Casino operators will also have to hone their mass-crowd control skills such that when opened, integrated resorts are safe not only from a construction basis, but also in terms of ingress (of emergency management and first responders) and egress (of patrons and employees). It will be a chaotic situation in a large, crowded space if hundreds of cellphones go off with earthquake or tsunami alerts at the same time.
There may come guidance in the lessons learned by Southern gaming operators during the Hurricane Katrina disaster, and also recent large-scale storms that have occurred in Macau. Water supplies for guests and even employees can be critical stock during such events, not to mention back-up energy supplies such as generators. As nearly self-contained cities in and of themselves, integrated resorts should be well-prepared in terms of not only storehouses of good and supplies in such an event, but also in terms of training employees and building design.

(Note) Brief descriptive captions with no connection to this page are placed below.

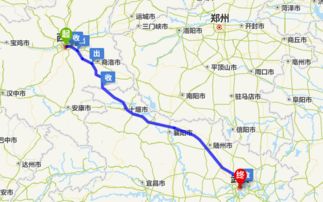 西安到武汉的火车途经哪些车站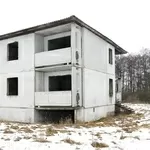 Коробка жилого дома в Каменецком р-не. 1996 г.п. r183459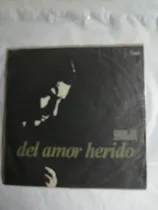 Comprar Disco Vinilo Canta Zitarrosa Del Amor Herido Folklore Urugua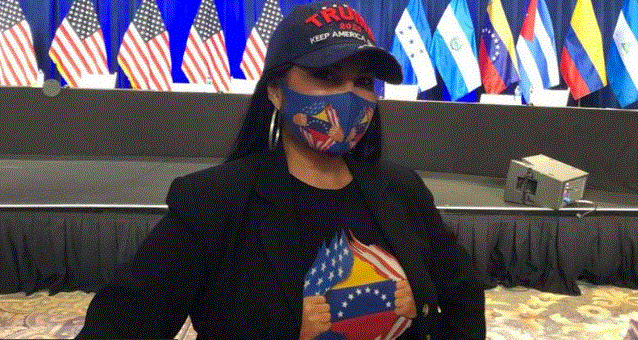 Trump vs Biden: cómo el fantasma del "socialismo" divide el voto venezolano en Estados Unidos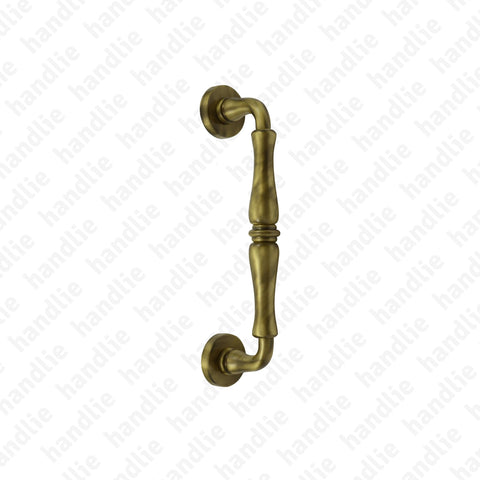 A.5446 - Pull handle for doors - Brass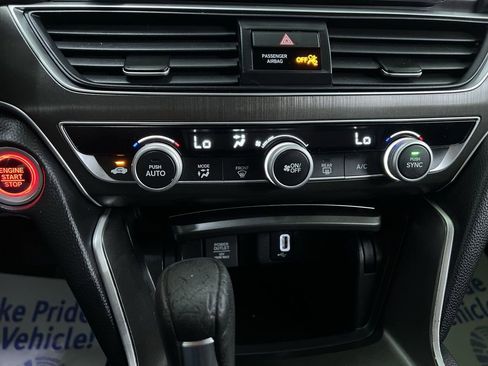 Used 2020 Honda Accord LX image 22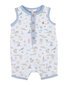 Bebe Max Print Puppy Romper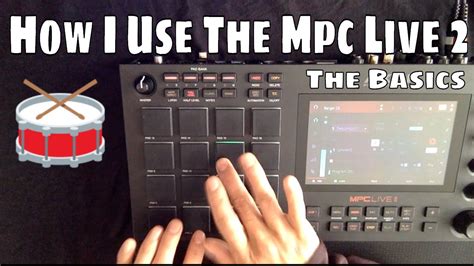 MPC Live Beginner Tutorial 的图像结果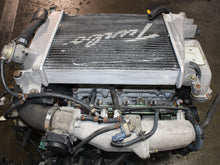 Load image into Gallery viewer, JDM 2001-2007 Nissan X-Trail Turbo Motor SR20VET 2.0L 4-Cyl Engine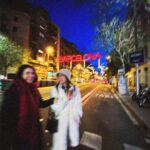 María Gabriela de Faría Instagram – Aquí 📍
Con ella ❤️ Barcelona, Spain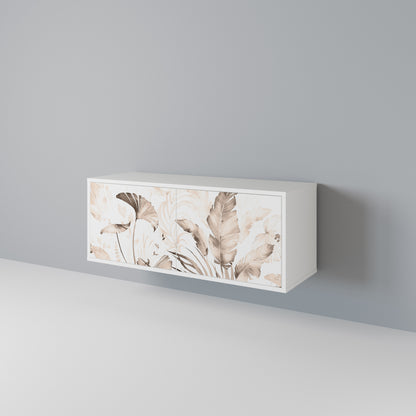 WILD TENDERNESS Mobile TV Compatto a 2 Ante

Also, immediate chaotic events will call for training of staff on how to handle emergent situations. It would be assumed that gaming regulators, law enforcement, emergency medical staff, and others should all have a table in these discussions and planning sessions.
Other risks that American gaming operators are confronting will be encountered in Japan as well. Obviously gaming devices must be tested and assured to be risk-free in terms of cheating and operational breakdowns. Any time credit cards and patron information is being obtained and potentially stored, even if not for reward card purposes, such data must be protected. Electronic payments and related payment processing security standards must be high, especially in a nation as highly technologically advanced as Japan. Therefore, data protection will be paramount, along with safely storing data in secure, disaster-resistant locations.
These are just some of the concerns that integrated resort operators should consider when and if they are lucky enough to do business in Japan. Because of the extremely well organised nature of Japanese government and society, and the very stable economy and infrastructure, these businesses should likely thrive. Casino operators, much like any business, must still be on guard and be prepared to handle any unexpected risks and issues that arise. The gaming regulators can play an important role in this as well.